O amor, nas Escrituras, é uma realidade teológica de amplitude singular, que articula a relação entre Deus, o ser humano e a comunidade. Longe de se reduzir a emoção ou afeto, o amor bíblico é uma disposição volitiva, uma orientação da vontade expressa em fidelidade e ação. É tanto um dom recebido quanto um mandamento a ser praticado, o princípio estruturante da fé e da ética judaico-cristã.
No Antigo Testamento, o termo hebraico ḥesed (חֶסֶד) concentra a ideia do amor divino como lealdade e benevolência pactuais. Traduzido por “misericórdia”, “bondade” ou “amor leal”, ḥesed designa o compromisso irrevogável de Iahweh com Israel, fundado não no mérito humano, mas em Sua própria fidelidade (Dt 7:7–9). Este amor de aliança é figurado de modo dramático no profetismo de Oséias e nos cânticos do Servo de Iahweh, onde a misericórdia divina triunfa sobre o juízo. O verbo ’āhab (אָהַב) e o substantivo ’ahavah (אַהֲבָה) exprimem o amor como dever ético e religioso: amar a Deus “de todo o coração, de toda a alma e de todas as forças” (Dt 6:5) é o núcleo do Shemaʿ, e amar o próximo (Lv 19:18) é sua consequência natural. Assim, a ḥesed divina e a ’ahavah humana formam os dois eixos do amor bíblico: o amor recebido e o amor correspondido.
O Novo Testamento retoma e amplia esta concepção à luz da revelação em Cristo. O termo grego agápē (ἀγάπη) torna-se a expressão suprema do amor divino, caracterizado pela gratuidade e pelo sacrifício. Este amor atinge sua plenitude na encarnação e na cruz: “Deus prova o seu amor para conosco, em que, sendo nós ainda pecadores, Cristo morreu por nós” (Rm 5:8). A Primeira Epístola de João identifica a essência de Deus com o próprio amor — ho theós agápē estin (1Jo 4:8,16).
Jesus redefine a ética do amor, deslocando-a da reciprocidade para a graça: “Amai os vossos inimigos e orai pelos que vos perseguem” (Mt 5:44). Seu “novo mandamento” (Jo 13:34) estabelece o amor segundo o modelo do próprio Cristo: “Assim como eu vos amei”. Este padrão confere ao amor uma dimensão existencial e comunitária inédita, em que o sacrifício e o serviço são a medida do discipulado.

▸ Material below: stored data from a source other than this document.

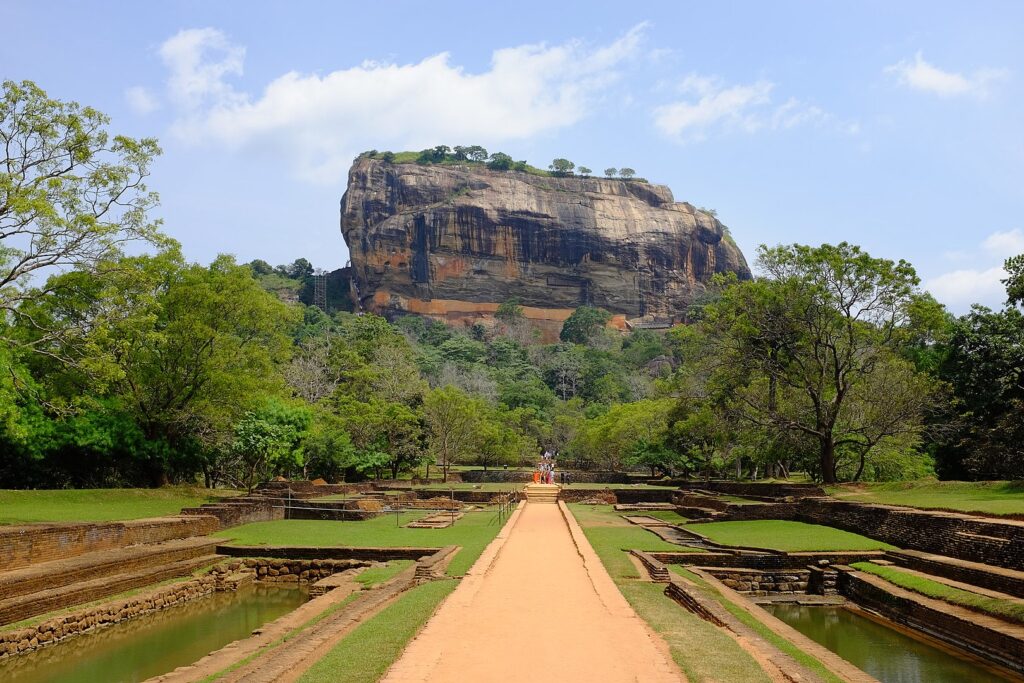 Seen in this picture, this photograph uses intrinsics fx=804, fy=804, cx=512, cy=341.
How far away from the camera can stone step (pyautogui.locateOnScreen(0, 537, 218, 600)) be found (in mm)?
12664

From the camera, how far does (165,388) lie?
1203 inches

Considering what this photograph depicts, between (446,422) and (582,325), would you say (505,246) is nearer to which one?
(582,325)

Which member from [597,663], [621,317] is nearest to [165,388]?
[597,663]

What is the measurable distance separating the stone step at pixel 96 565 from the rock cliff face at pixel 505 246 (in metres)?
110

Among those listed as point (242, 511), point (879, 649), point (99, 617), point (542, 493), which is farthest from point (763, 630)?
point (542, 493)

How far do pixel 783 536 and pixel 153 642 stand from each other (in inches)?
566

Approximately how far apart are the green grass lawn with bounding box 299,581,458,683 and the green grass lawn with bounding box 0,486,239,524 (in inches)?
446

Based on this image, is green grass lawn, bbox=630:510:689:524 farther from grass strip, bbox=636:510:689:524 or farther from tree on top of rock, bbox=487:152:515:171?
tree on top of rock, bbox=487:152:515:171

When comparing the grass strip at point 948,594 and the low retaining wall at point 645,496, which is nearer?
the grass strip at point 948,594

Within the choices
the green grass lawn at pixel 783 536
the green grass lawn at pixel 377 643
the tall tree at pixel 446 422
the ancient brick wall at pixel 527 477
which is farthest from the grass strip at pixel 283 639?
the ancient brick wall at pixel 527 477

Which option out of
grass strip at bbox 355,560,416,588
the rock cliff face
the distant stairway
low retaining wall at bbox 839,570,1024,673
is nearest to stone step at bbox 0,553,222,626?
grass strip at bbox 355,560,416,588

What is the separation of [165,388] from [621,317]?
107650 mm

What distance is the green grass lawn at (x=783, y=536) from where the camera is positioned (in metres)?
18.1

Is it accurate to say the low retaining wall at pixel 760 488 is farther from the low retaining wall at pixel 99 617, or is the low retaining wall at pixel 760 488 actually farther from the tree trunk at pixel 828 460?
the low retaining wall at pixel 99 617
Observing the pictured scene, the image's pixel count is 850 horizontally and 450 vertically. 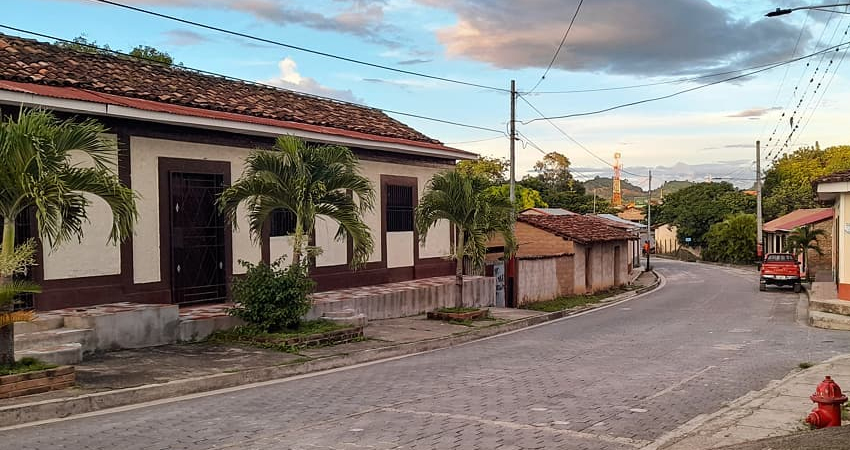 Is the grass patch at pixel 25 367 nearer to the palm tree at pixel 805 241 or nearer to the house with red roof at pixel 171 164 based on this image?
the house with red roof at pixel 171 164

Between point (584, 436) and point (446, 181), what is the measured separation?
1147 centimetres

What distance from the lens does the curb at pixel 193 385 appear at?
8523mm

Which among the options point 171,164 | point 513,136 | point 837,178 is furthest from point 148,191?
point 837,178

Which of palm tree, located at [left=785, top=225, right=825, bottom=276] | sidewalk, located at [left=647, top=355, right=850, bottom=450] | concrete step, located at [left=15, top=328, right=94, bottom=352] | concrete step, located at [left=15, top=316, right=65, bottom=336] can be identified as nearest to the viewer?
sidewalk, located at [left=647, top=355, right=850, bottom=450]

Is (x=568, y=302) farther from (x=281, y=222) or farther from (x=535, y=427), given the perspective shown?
(x=535, y=427)

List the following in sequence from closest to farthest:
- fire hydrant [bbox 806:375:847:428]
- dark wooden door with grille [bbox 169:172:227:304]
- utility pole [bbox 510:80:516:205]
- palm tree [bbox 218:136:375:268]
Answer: fire hydrant [bbox 806:375:847:428] < palm tree [bbox 218:136:375:268] < dark wooden door with grille [bbox 169:172:227:304] < utility pole [bbox 510:80:516:205]

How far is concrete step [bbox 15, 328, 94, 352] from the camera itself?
35.9 feet

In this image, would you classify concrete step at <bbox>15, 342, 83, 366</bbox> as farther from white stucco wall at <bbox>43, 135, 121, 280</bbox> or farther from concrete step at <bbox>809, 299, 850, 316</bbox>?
concrete step at <bbox>809, 299, 850, 316</bbox>

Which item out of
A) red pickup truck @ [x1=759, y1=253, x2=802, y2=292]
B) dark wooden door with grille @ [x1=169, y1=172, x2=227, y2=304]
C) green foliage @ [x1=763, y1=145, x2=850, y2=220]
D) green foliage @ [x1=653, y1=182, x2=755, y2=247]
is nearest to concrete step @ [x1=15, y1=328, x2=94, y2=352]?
dark wooden door with grille @ [x1=169, y1=172, x2=227, y2=304]

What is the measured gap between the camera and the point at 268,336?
13711mm

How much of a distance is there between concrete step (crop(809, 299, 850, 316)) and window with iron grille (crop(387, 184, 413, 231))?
12139 mm

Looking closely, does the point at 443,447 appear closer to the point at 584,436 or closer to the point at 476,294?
the point at 584,436

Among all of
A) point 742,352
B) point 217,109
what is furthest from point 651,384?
point 217,109

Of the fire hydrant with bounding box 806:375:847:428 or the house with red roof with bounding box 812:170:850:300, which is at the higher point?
the house with red roof with bounding box 812:170:850:300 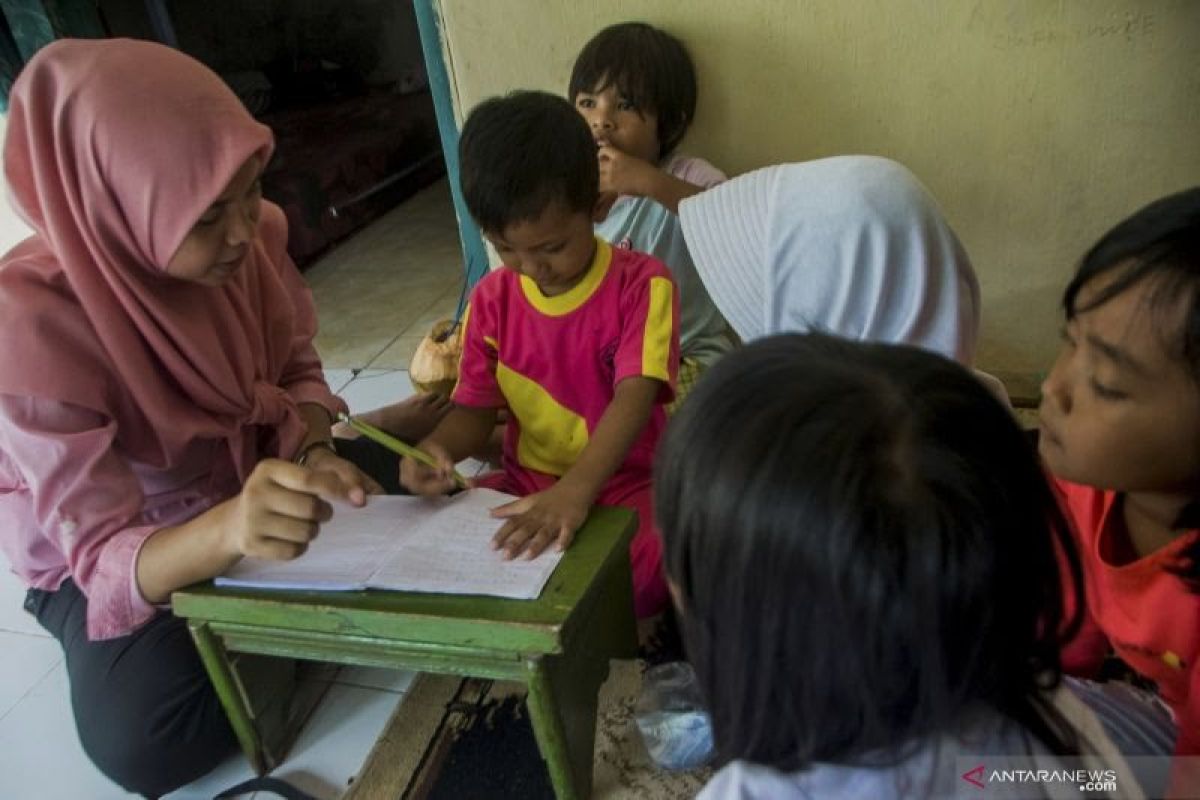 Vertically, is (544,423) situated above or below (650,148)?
below

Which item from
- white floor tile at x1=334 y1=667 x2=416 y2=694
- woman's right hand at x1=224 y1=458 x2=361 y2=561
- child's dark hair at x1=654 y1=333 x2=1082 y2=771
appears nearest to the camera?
child's dark hair at x1=654 y1=333 x2=1082 y2=771

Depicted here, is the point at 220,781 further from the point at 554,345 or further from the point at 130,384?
the point at 554,345

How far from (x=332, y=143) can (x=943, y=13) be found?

O apóstolo Paulo consagra o amor como o princípio supremo da vida cristã. No hino de 1 Coríntios 13, ele afirma que, sem o agápē, todo dom espiritual perde sentido. O amor é o “vínculo da perfeição” (Cl 3:14), o cumprimento da Lei (Rm 13:8–10) e o caminho “sobremodo excelente” (1Co 12:31). Na teologia paulina, o Espírito Santo é o agente que derrama o amor divino nos corações (Rm 5:5), tornando possível a prática do amor que vem de Deus e retorna a Ele.
Outros vocábulos gregos esclarecem nuances adicionais. Philia (φιλία) refere-se ao amor de amizade e afeição recíproca, manifesto nas relações de Jesus com os discípulos (Jo 15:13–15). Storgē (στοργή) designa o amor familiar, aparecendo em formas compostas (Rm 12:10), enquanto érōs (ἔρως), embora ausente do Novo Testamento, é afirmado na tradição sapiencial e poética como expressão legítima do amor conjugal (Ct 8:6–7).